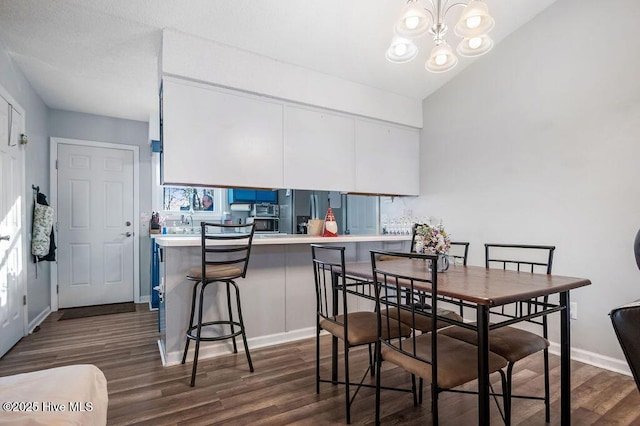 dining area with vaulted ceiling, dark wood-style flooring, baseboards, and an inviting chandelier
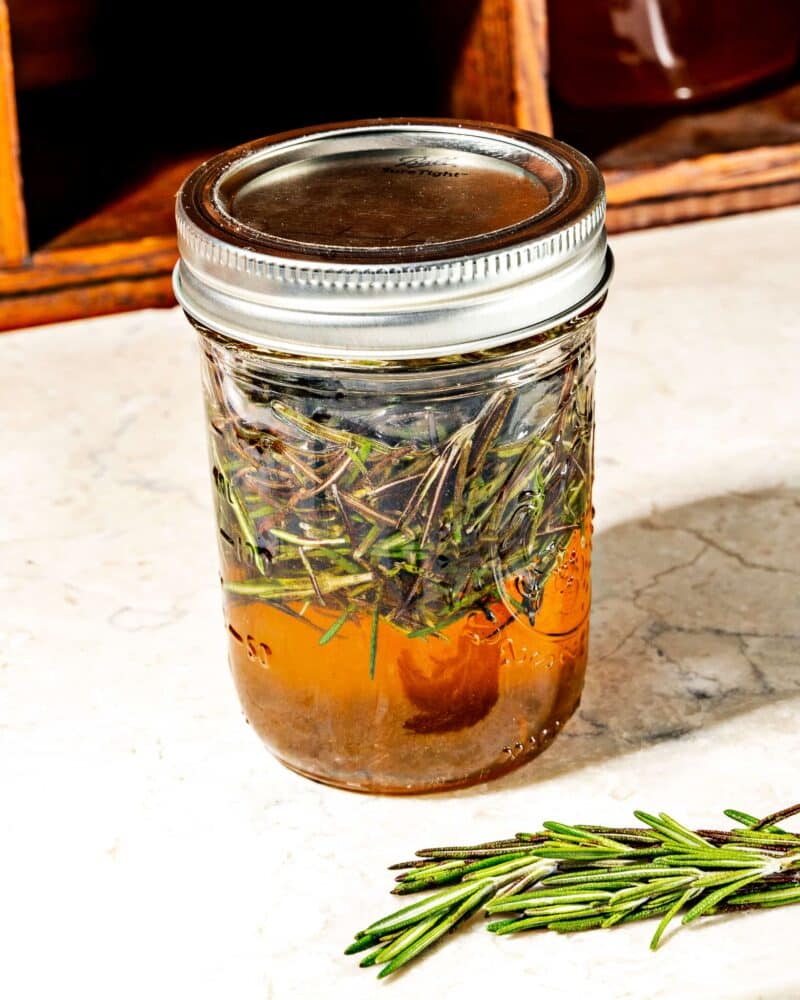 honey infused with rosemary in a glass mason jar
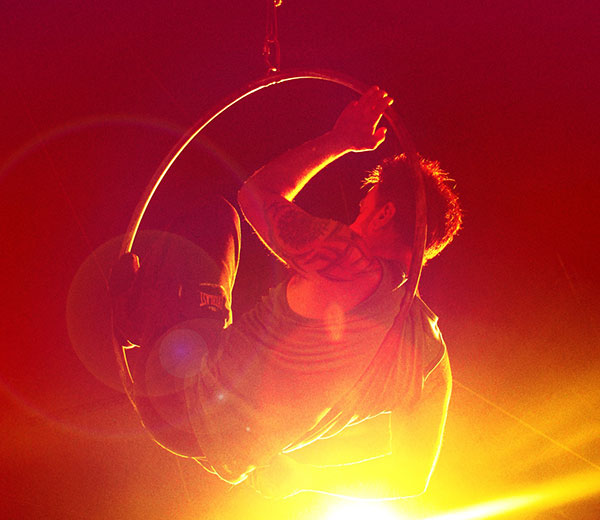 Photo of acrobat in a hoop suspended in mid air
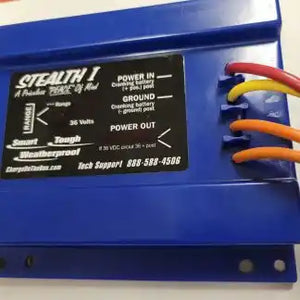 Blue electronic control box with power connections and orange wire clips.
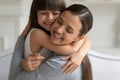 Mother cuddle daughter feeling love and connection closeup view Royalty Free Stock Photo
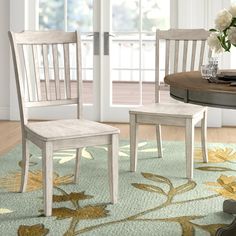 two wooden chairs sitting on top of a rug next to a table with flowers in it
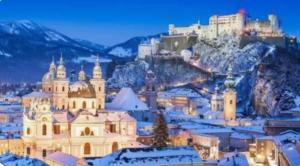 uma cidade com edifícios cobertos de neve e uma montanha em Ferienwohnung Moorblick em Koppl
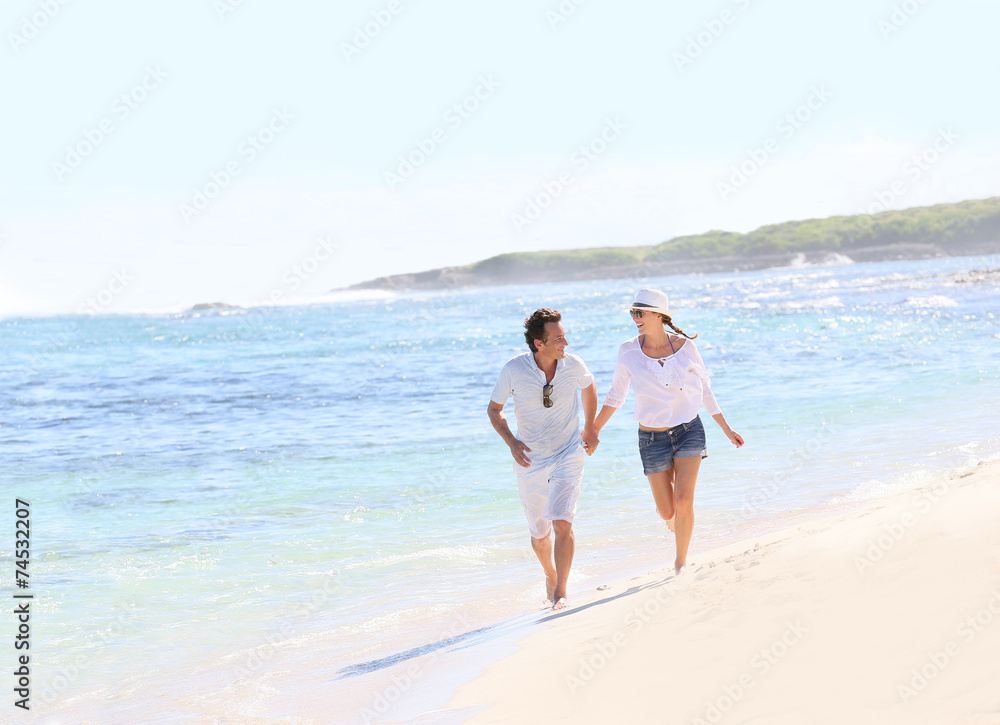 Couple running on a Caribbean beach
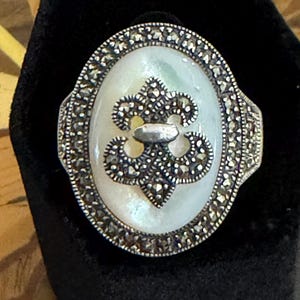 May include: An oval ring featuring a central white mother-of-pearl inlay decorated with a silver fleur-de-lis emblem. The border of the ring is encrusted with small, dark, faceted marcasite stones, creating a textured metallic frame around the center.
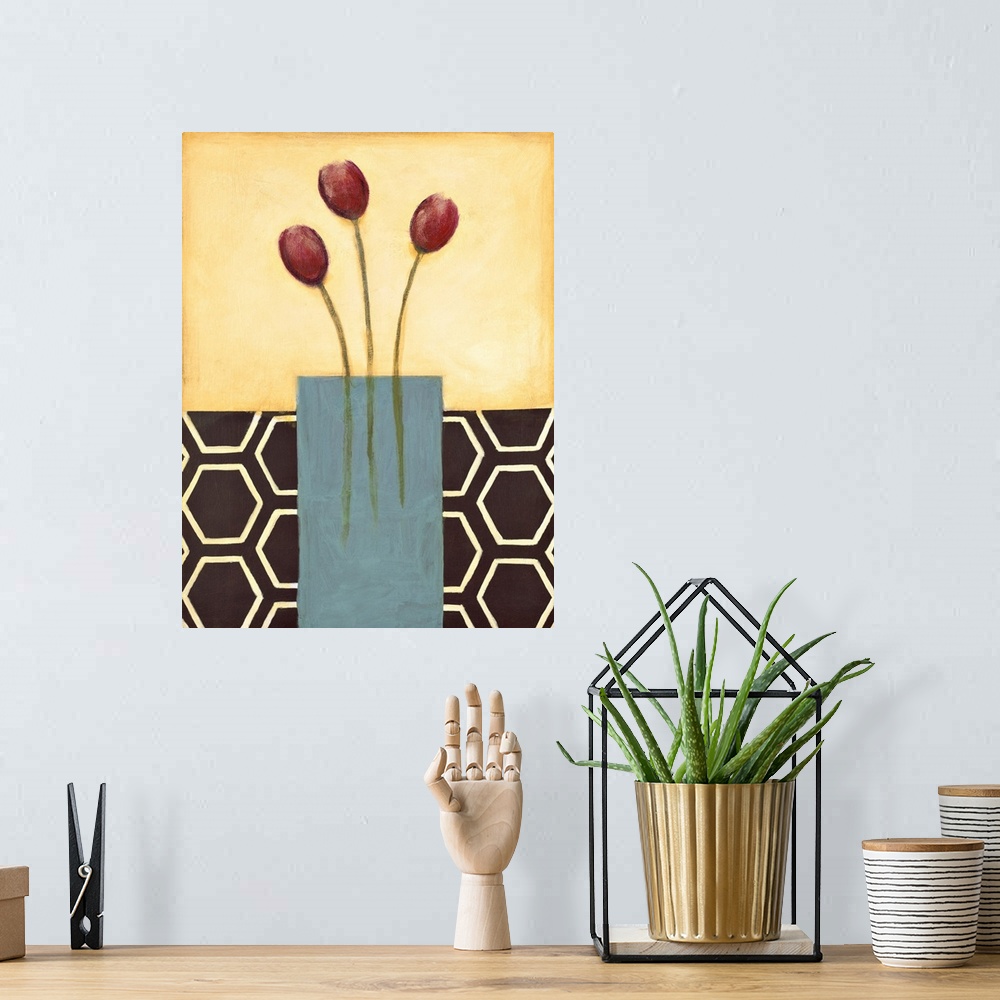 A bohemian room featuring Vertical painting of a vase of red tulips with modern patterned backdrop.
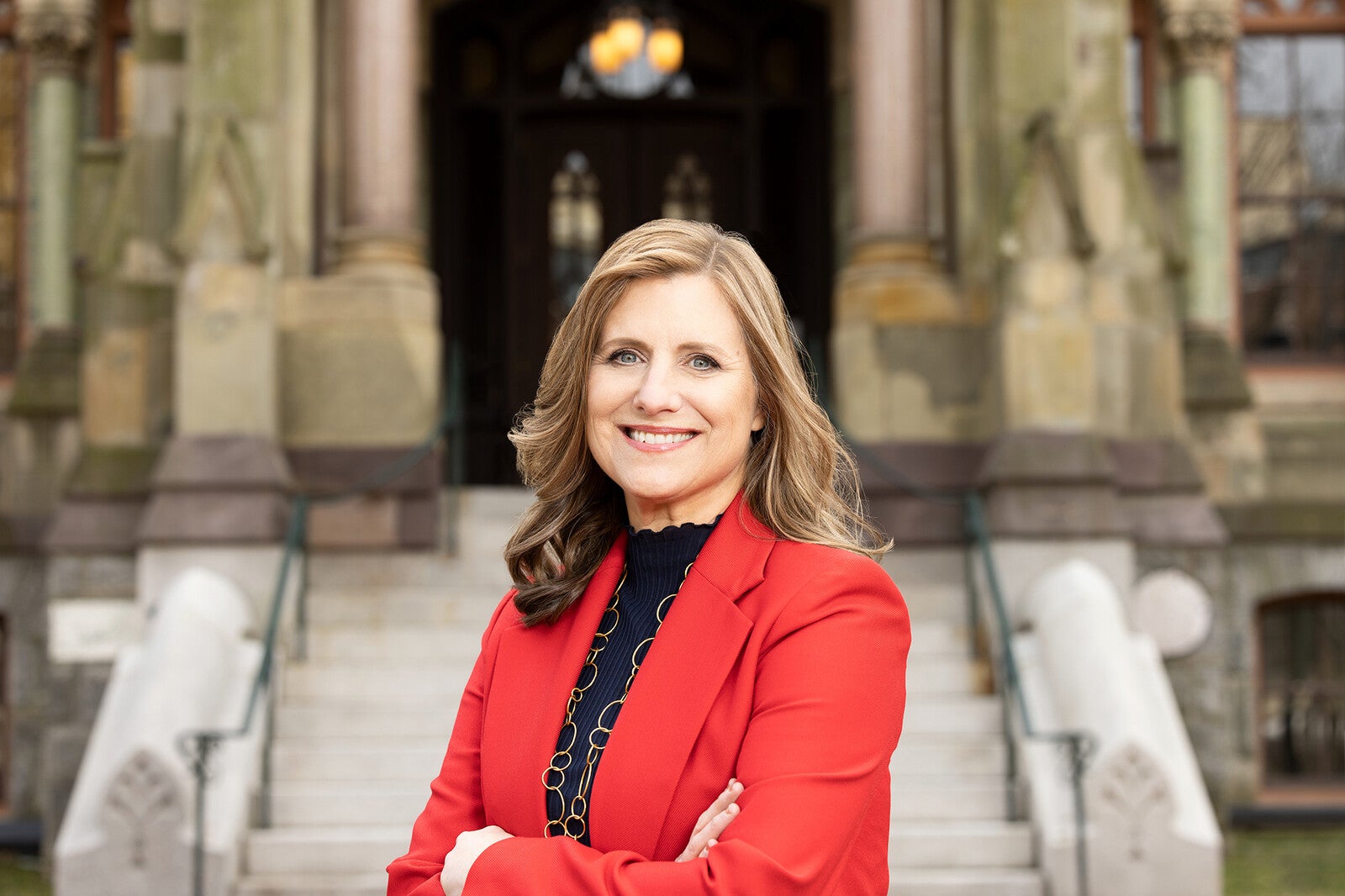 liz magill standing in front of college hall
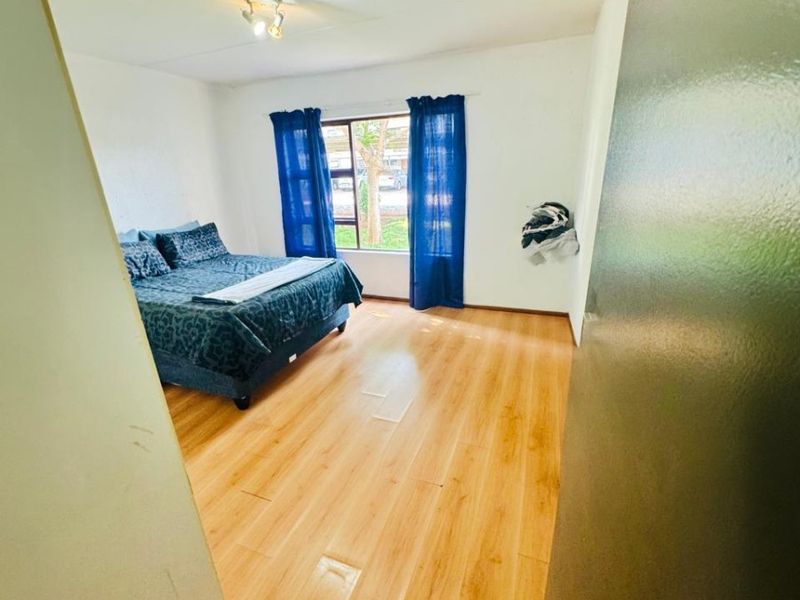 A bedroom featuring light-toned laminate flooring and a central ceiling light fixture, offering a clean and functional living space.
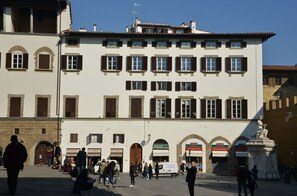 Une place publique avec un grand bâtiment doté de nombreuses fenêtres et portes, une statue et quelques personnes qui se promènent.
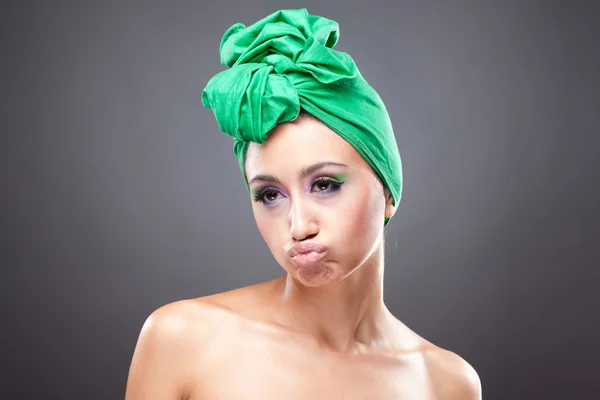 Ideges, fiatal nő, rózsaszín-zöld smink zöld kalapban — Stock Fotó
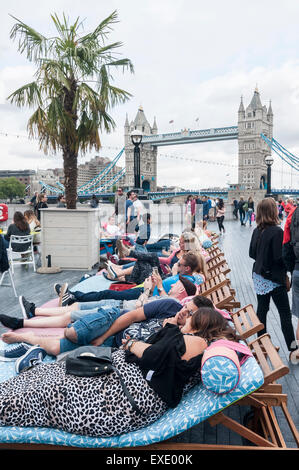 Londra, Regno Unito. 12 Luglio, 2015. Meteo REGNO UNITO: turisti approfittare delle sedie a sdraio e posti a sedere in mezzo alle palme vicino al City Hall. Credito: Stephen Chung / Alamy Live News Foto Stock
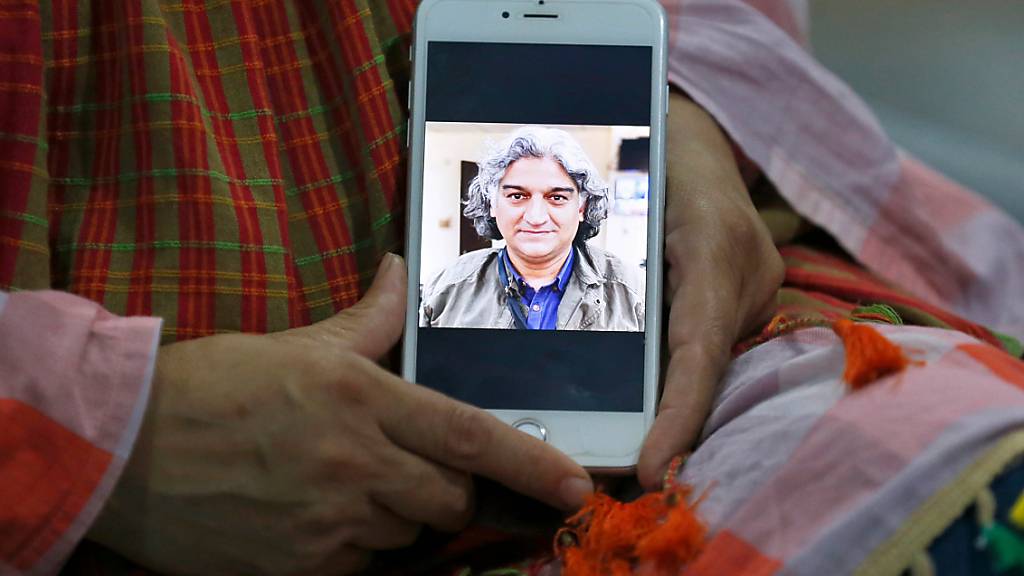 Kaneez Sughra, Ehefrau des verschleppten prominenten pakistanischen Journalisten Matiullah Jan, zeigt Journalisten im Haus eines Verwandten auf einem Smartphone ein Bild ihres Mannes. Der militärkritische Journalist ist nach seiner Verschleppung am Dienstag in der pakistanischen Hauptstadt Islamabad wieder frei. Foto: Anjum Naveed/AP/dpa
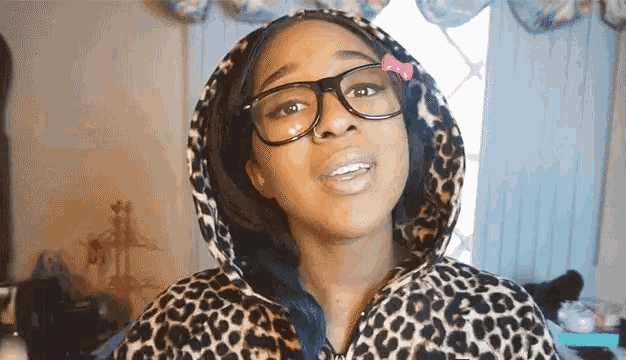 a young girl wearing glasses and a leopard print hoodie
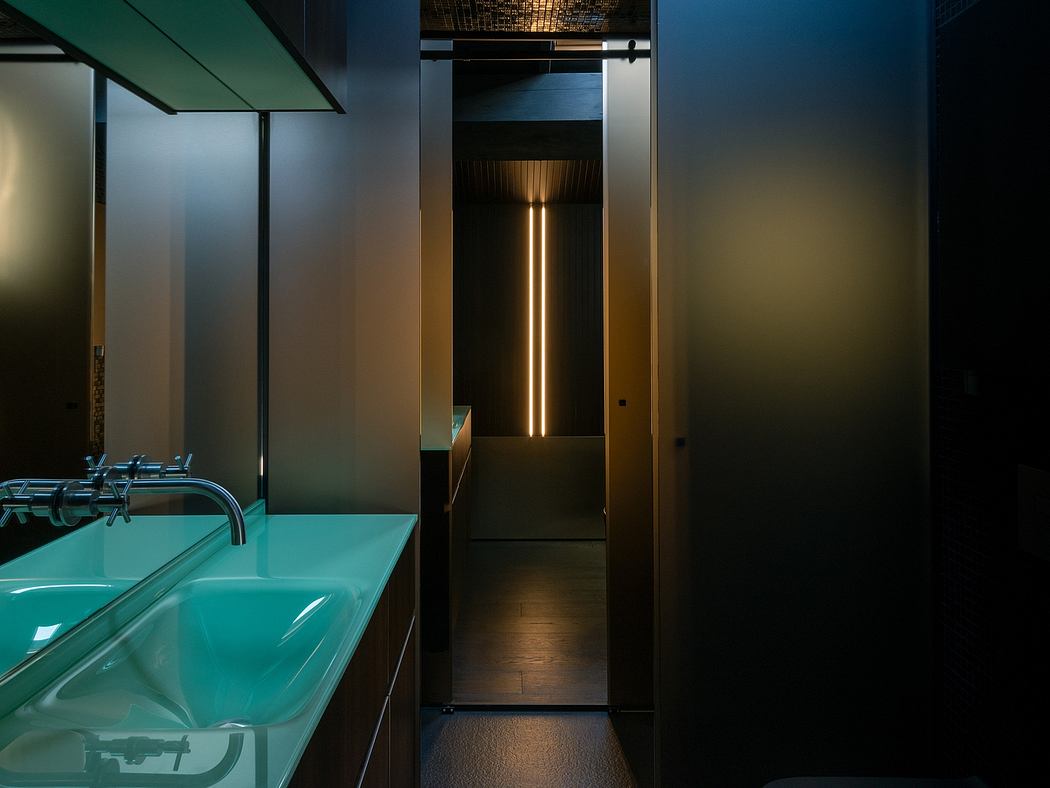Modern bathroom with blue sink and dim corridor lighting.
====================
▸ **PROBLEM REQUIREMENTS**
No pictures belong in the copy: reproduce exactly the lines above from the one that contains "Kaneez Sughra, Ehefrau" through the last line of the entries.

▸ **ANSWER BELOW**
 Kaneez Sughra, Ehefrau des verschleppten prominenten pakistanischen Journalisten Matiullah Jan, zeigt Journalisten im Haus eines Verwandten auf einem Smartphone ein Bild ihres Mannes. Der militärkritische Journalist ist nach seiner Verschleppung am Dienstag in der pakistanischen Hauptstadt Islamabad wieder frei. Foto: Anjum Naveed/AP/dpa
 a young girl wearing glasses and a leopard print hoodie
Modern bathroom with blue sink and dim corridor lighting.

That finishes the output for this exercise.